Following the instructions on the site and links on it, I RDPed to the VM in Azure, and ran the following in a PowerShell window:
md c:\tools; Import-Module bitstransfer; Start-BitsTransfer http://dsazure.blob.core.windows.net/azuretools/AzureTools.exe c:\tools\AzureTools.exe; c:\tools\AzureTools.exe
From there on, the rudimentary looking, but very useful Azure Tools was downloaded and ran. I then downloaded X64 Debuggers, then on the Utils tab, I use the Attach debugger...__"This is arguably one of the most useful utilities in AzureTools. This will let you attach a debugger to a process which fails and exits immediately on startup. The most common scenario is a role which is recycling and you want to attach WinDBG to the WaIISHost/WaWorkerHost process, but it crashes too quickly for you to manually attach the debugger. In Azure the normal trick of setting the Image File Execution Options debugger registry key doesn’t work and this Attach Debugger utility is the only consistent way I have found to attach a debugger. To use, first download a debugger (ie. double-click the X64 Debuggers And Tools-x64_en-us tool from the Tools tab), enter the process name you are interested in, click Attach Debugger, and wait for the Azure guest agent to automatically start that process again."
If you have never used WinDbg, make sure to read an article or two before doing so. This is a good start. I was really lucky as the process actually threw an exception that was not being bubbled up to the Azure host - so I didn't see any information about it.
This is what I got in the WinDbg window:
Microsoft.WindowsAzure.ServiceRuntime Critical: 201 : ModLoad: 00007ff8`8d6d0000 00007ff8`8d7d6000 D:\Windows\Microsoft.NET\Framework64\v4.0.30319\diasymreader.dll
Role entrypoint could not be created:
** System.TypeLoadException: Unable to load the role entry point due to the following exceptions:**
-- System.IO.FileLoadException: Could not load file or assembly 'Autofac, Version=3.3.0.0, Culture=neutral, PublicKeyToken=17863af14b0044da' or one of its dependencies. The located assembly's manifest definition does not match the assembly reference. (Exception from HRESULT: 0x80131040)

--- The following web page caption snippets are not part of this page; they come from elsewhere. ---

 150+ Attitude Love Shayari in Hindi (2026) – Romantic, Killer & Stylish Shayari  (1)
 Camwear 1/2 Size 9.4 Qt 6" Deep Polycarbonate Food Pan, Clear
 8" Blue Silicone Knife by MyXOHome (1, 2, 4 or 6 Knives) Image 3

File name: 'Autofac, Version=3.3.0.0, Culture=neutral, PublicKeyToken=17863af14b0044da'
WRN: Assembly binding logging is turned OFF.
To enable assembly bind failure logging, set the registry value [HKLM\Software\Microsoft\Fusion!EnableLog] (DWORD) to 1.

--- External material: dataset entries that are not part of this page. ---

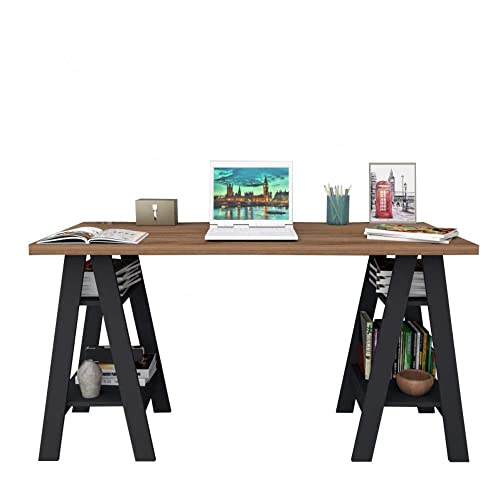 Escrivaninha Cavalete Self Appunto Castanho/Preto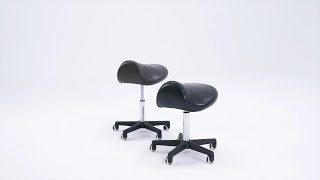 MASTER  Ergonomic Swivel Saddle Stool, Posture Chair with a Durable Pneumatic Hydraulic Lift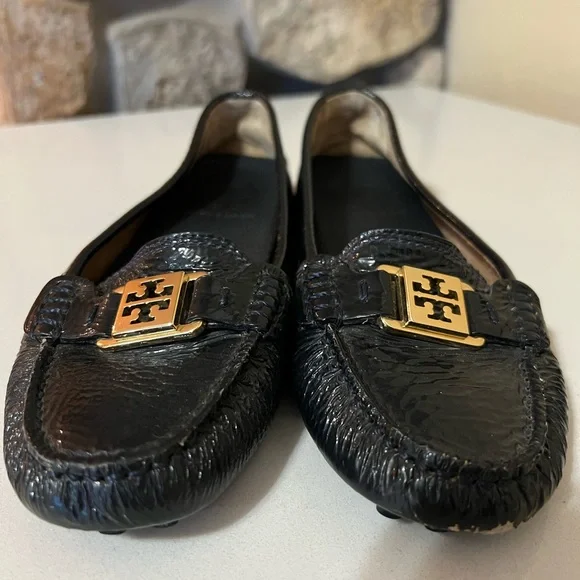 Tory Burch Kendrick Driver Loafers in Blue Size 7.5 - Picture 5 of 14
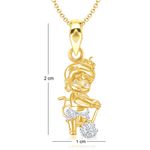 Buy Srikara Alloy Gold Plated CZ / AD Fashion Jewellery Pendant Set with Chain - SKCOMBO1271G - Purplle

Note: There is some performance penalty associated with assembly bind failure logging.
To turn this feature off, remove the registry value [HKLM\Software\Microsoft\Fusion!EnableLog].
---> System.Reflection.ReflectionTypeLoadException: Unable to load one or more of the requested types. Retrieve the LoaderExceptions property for more information.

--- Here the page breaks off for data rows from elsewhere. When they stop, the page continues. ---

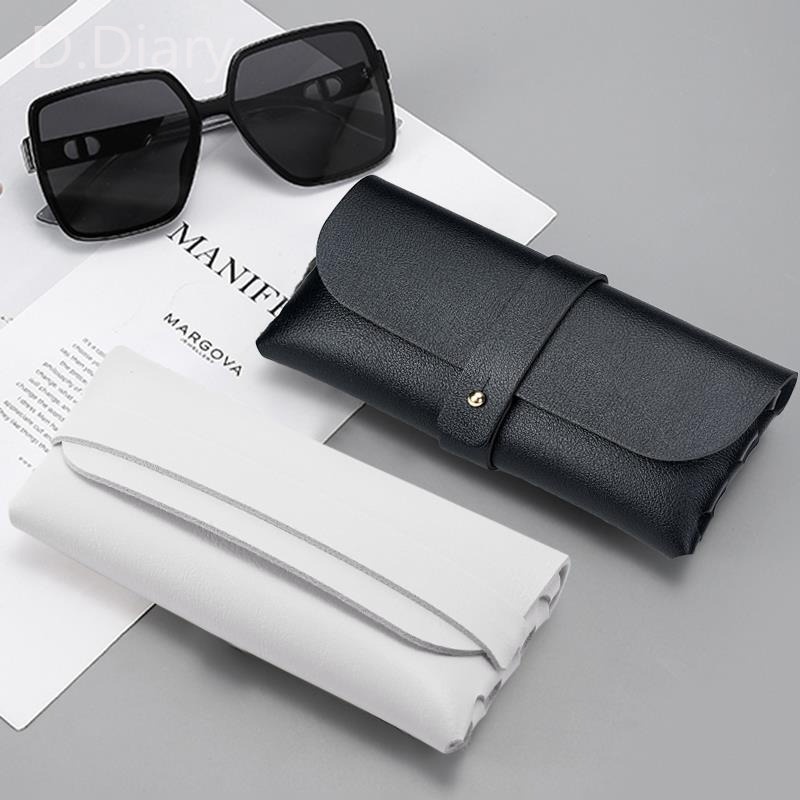 1 Hộp Đựng Mắt Kính Bằng Da PVC Có Khóa Cài Ốp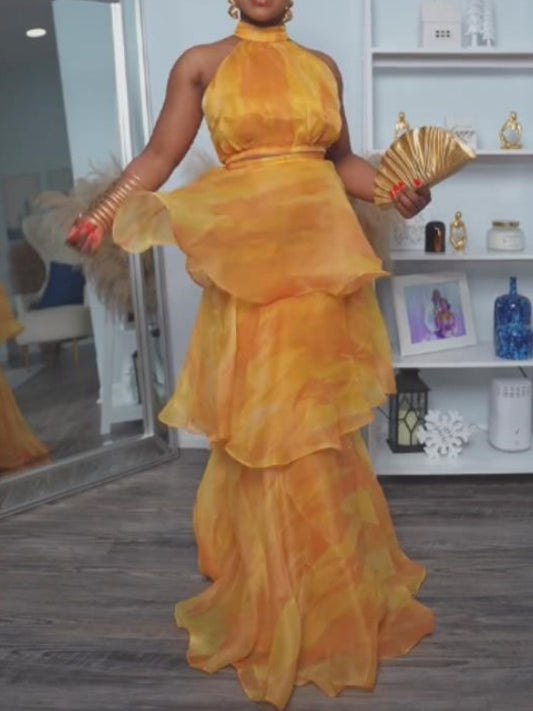 Aquarelle Yellow Two Pieces Set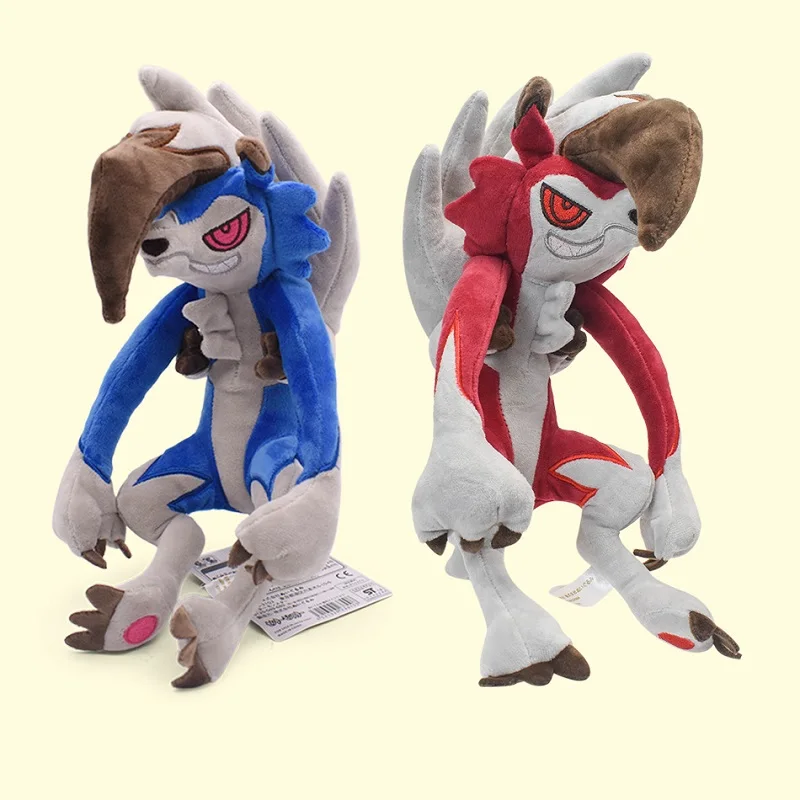 

Pokemon Lycanroc-Midnight Plush Stuffed Animal Toy Lycanroc Daylight Dusk Night Standing Sitting Plush Doll for Children Gift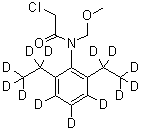 2-氯-N-[2,6-二(五氘乙基)-3,4,5-三氘代苯基]-N-(甲氧基甲基)乙酰胺分子结构 (CAS 1015856-63-9)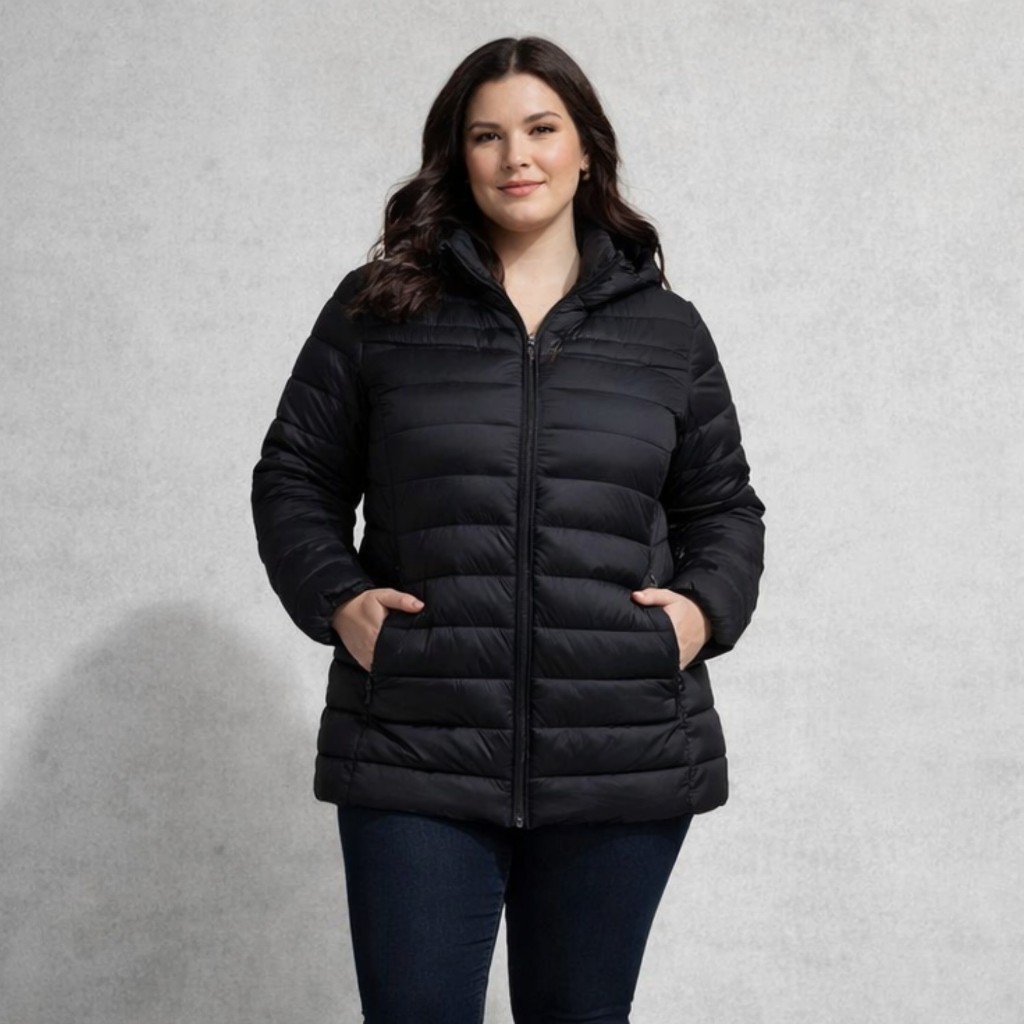 Jaqueta Puffer Bobojaco Feminina Plus Size Grande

at System.Reflection.RuntimeModule.GetTypes(RuntimeModule module)
at System.Reflection.RuntimeModule.GetTypes()
at System.Reflection.Assembly.GetTypes()
at Microsoft.WindowsAzure.ServiceRuntime.RoleEnvironment.GetRoleEntryPoint(Assembly entryPointAssembly)
--- End of inner exception stack trace ---
at Microsoft.WindowsAzure.ServiceRuntime.RoleEnvironment.GetRoleEntryPoint(Assembly entryPointAssembly)
at Microsoft.WindowsAzure.ServiceRuntime.RoleEnvironment.CreateRoleEntryPoint(RoleType roleTypeEnum)
at Microsoft.WindowsAzure.ServiceRuntime.RoleEnvironment.InitializeRoleInternal(RoleType roleTypeEnum)
(d10.7e8): CLR exception - code e0434352 (first chance)
(d10.7e8): CLR exception - code e0434352 (first chance)
ModLoad: 00007ff8`a2000000 00007ff8`a20b6000 D:\Windows\SYSTEM32\clbcatq.dll
ntdll!NtTerminateProcess+0xa:
00007ff8`a2150f0a c3 ret
From here on out, things were pretty clear! We weren't using a RoleEntryPoint and the exception was happening very very very early on (think init inside Global.asax). The underlying issue with us was that we had an invalid binding redirect in the web.config. It was invalid because we are using NANT to build the web.config file (long story there...), and someone didn't update the new versions after updating the NuGets. It worked locally because the old DLL was still somewhere in cache.
I haven't been able to reproduce the issue properly just yet, but I will try again soon. When I succeed, I will update this post. Until then, I hope the links I found can help someone struggling with the Role Recycle problem.